04 mars 2011

Une saison chez Césaire

Dramaturgie : Michèle Césaire, mise en scène : Ruddy Sylaire
Avec Gladys Arnaud, Eric Delor, Jean-Bernard Ekam-Dick, Astrid Mercier
De ces arbres - côtés jardin et cour- que nous autres, descendants de répugnants colonialistes, aurions étiquetés ‘exotiques’, mais une scène que quatre comédiens font exploser grâce à ces horizons qu’une mer infinie suggère après les avoir abolis pour les recréer à chaque fraction de seconde. Aimé Césaire, né d’un instituteur et d’une couturière… Le père s’inclinant devant des mots qu’il a fréquentés, convoités, peut-être courtisés mais avec lesquels il a cohabité jusqu’à s’en faire des alliés et les faire adopter et aimer par tant d’enfants confiés à lui. Elle : mère qui assemble, rassemble, choisit des formes, des couleurs, de ces matières qu’elle touche, palpe puis marie…mais qui sait d’abord et surtout réparer ce que lui ne peut pas faire.
Aimé leur fils… poète, dramaturge, homme politique, personnage phénoménal au long parcours sur l’autre rive de cette Atlantique qui nous soude.
Une rage saine et une sainte rage animent Césaire qui, stigmatisant le racisme ordinaire, a mis au monde la « négritude ». Ce spectacle composé d’extraits du Discours sur le colonialisme, Les chiens se taisaient, La tragédie du Roi Christophe et Une saison au Congo ne peut pas se décrire à l’aide de mots ordinaires : il faudrait qu’ils deviennent des projectiles.
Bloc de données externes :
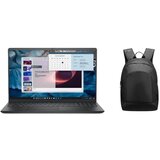 Dell nb pro 15 essential PV15250 Core3 100U/8GB/512GB/15.6 FHD/ENG/FP/2YR+Ranac Cene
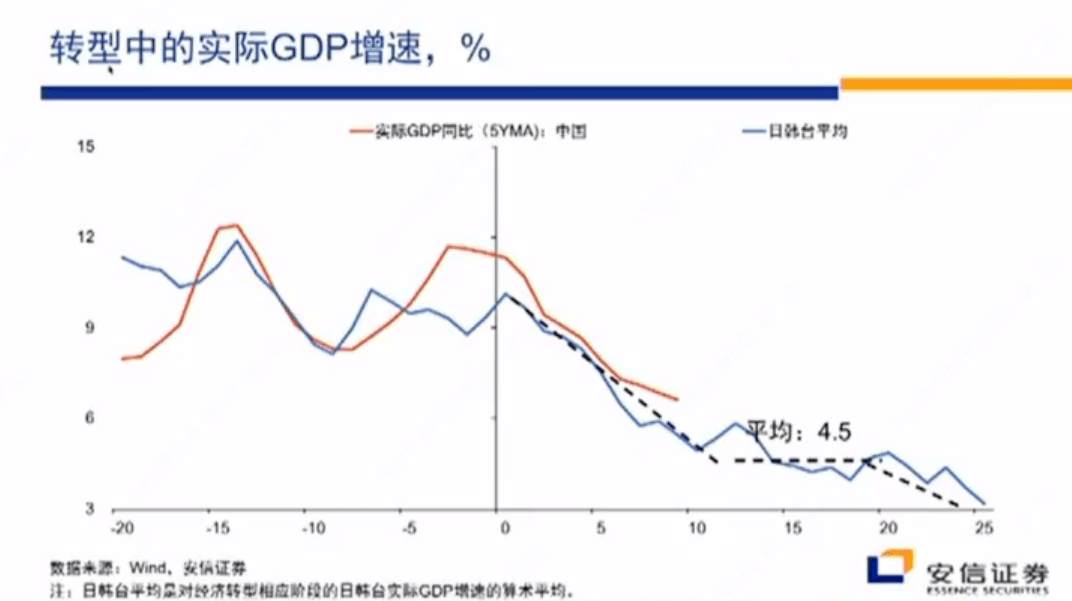 刘伯温四肖八码往期预测，精准分析历史数据，揭秘生肖玄机，助您把握未来走势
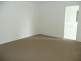 84/19 Carina Peak Drive, Varsity Lakes QLD 4227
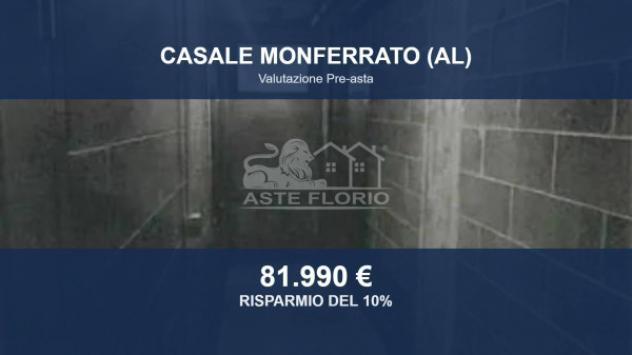 casa indipendente in vendita a Casale Monferrato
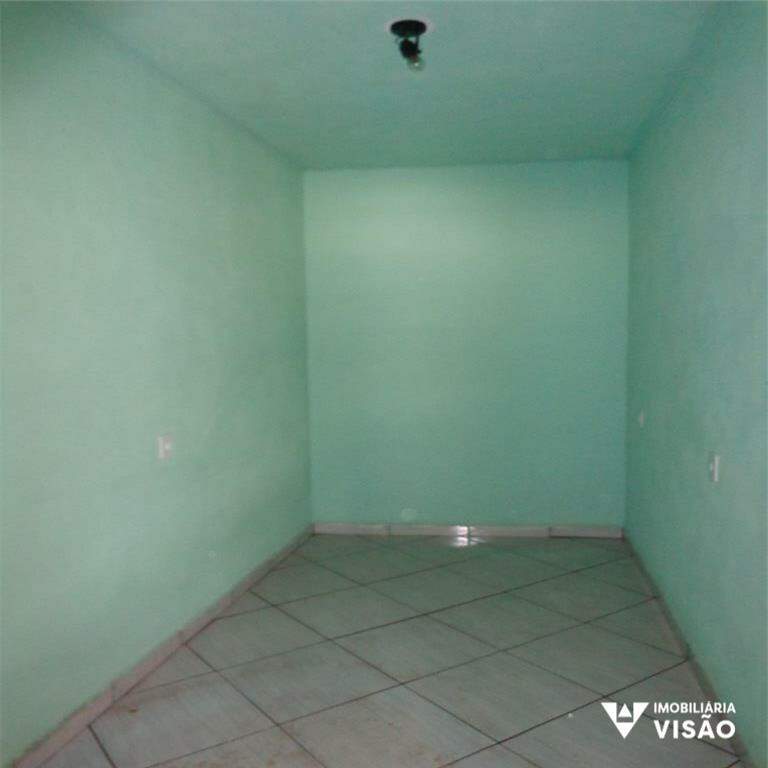 Ponto Comercial à venda no JARDIM ESPLANADA: 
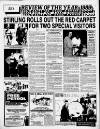 Stirling Observer Friday 05 January 1990 Page 8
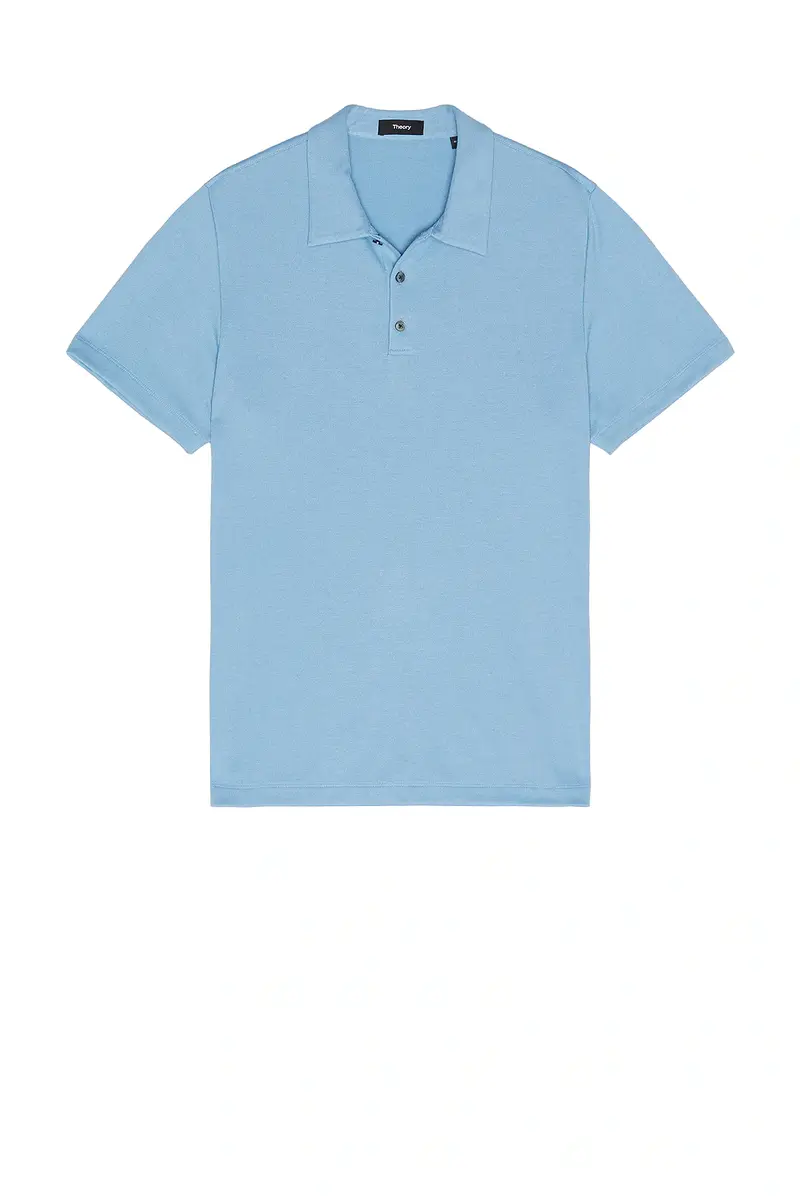 Theory Bron Polo | Thumbnail 4
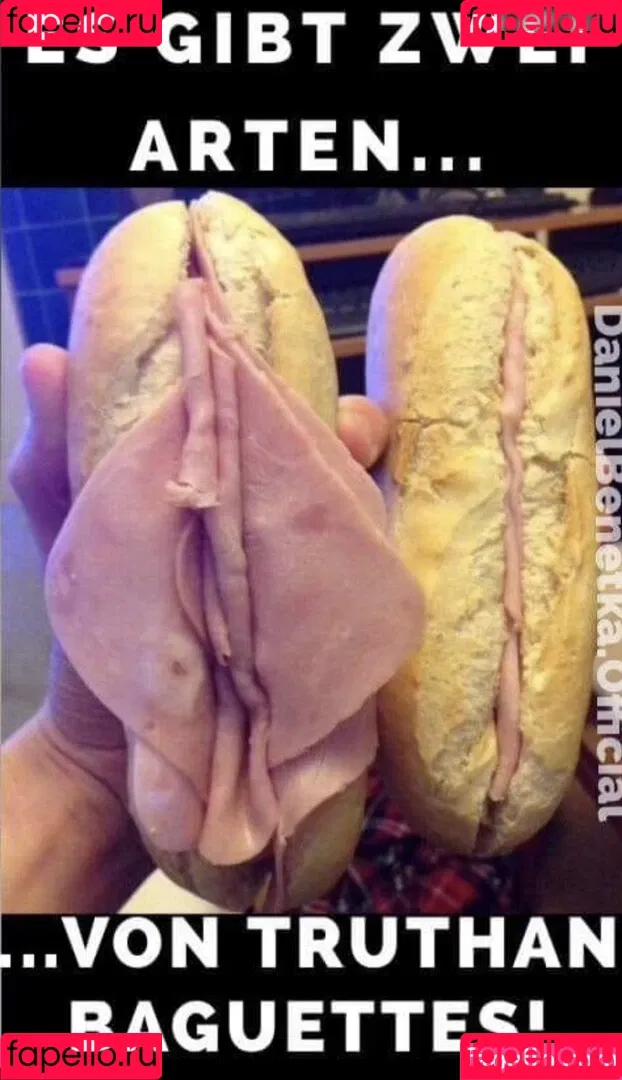 NSFW Funny Onlyfans Photo Gallery 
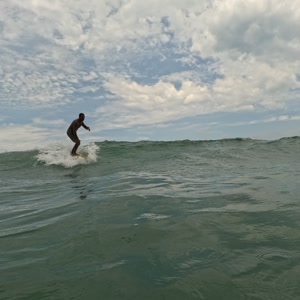 Video 15 - Macumba Curvão 2026-02-21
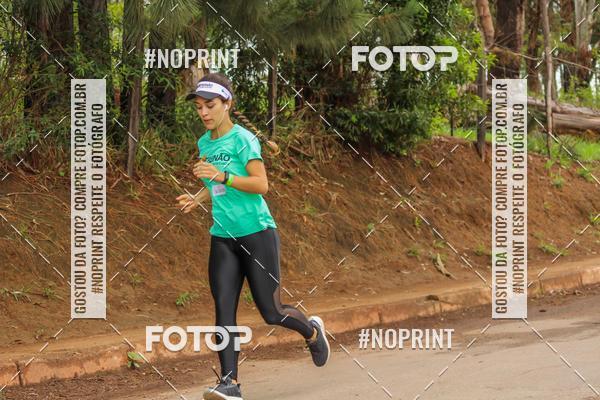 Buy your photos of the eventTrein�o Corrida e Caminhada on Fotop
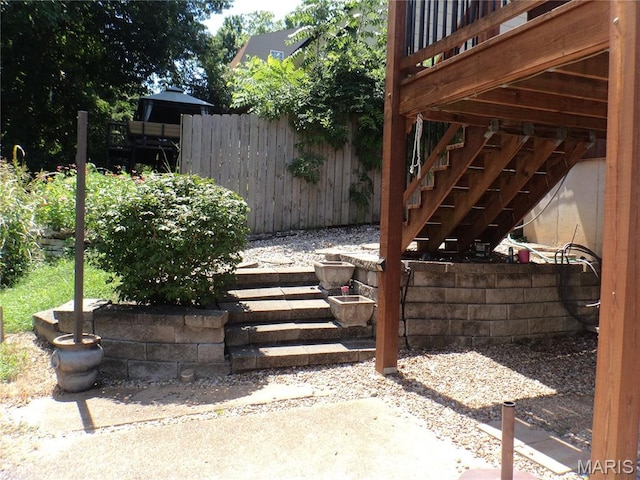 2142 Wilderness Trl, Barnhart, MO 63012 - photo 39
Evocation d’une terre fille et mère d’animaux et de fleurs paradisiaques, mais volcanique et que les tempêtes savent si bien ravager. Sur scène les percussions transmettent les messages… rythmes, mouvements, élans, danses, chants…récits de grandes tueries et de souffrances indicibles, vérités-paradoxes et exaltation de la liberté qui permet d’aimer.
Une scénographie fascinante, deux comédiens à la présence redoutable car tellement charnelle et deux comédiennes savoureuses mais qui incarnent des femmes très fortes. Des costumes simples aux couleurs premières, et puis cette tempête métaphysique que, Shakespeare sur son épaule, Césaire ressuscite à la toute fin.
Théâtre des Déchargeurs, du mardi au samedi à 21h 45, jusqu’au 9 avril. A 14h les samedis 19 mars, 2 et 9 avril. Réservations : 01 42 36 70 56.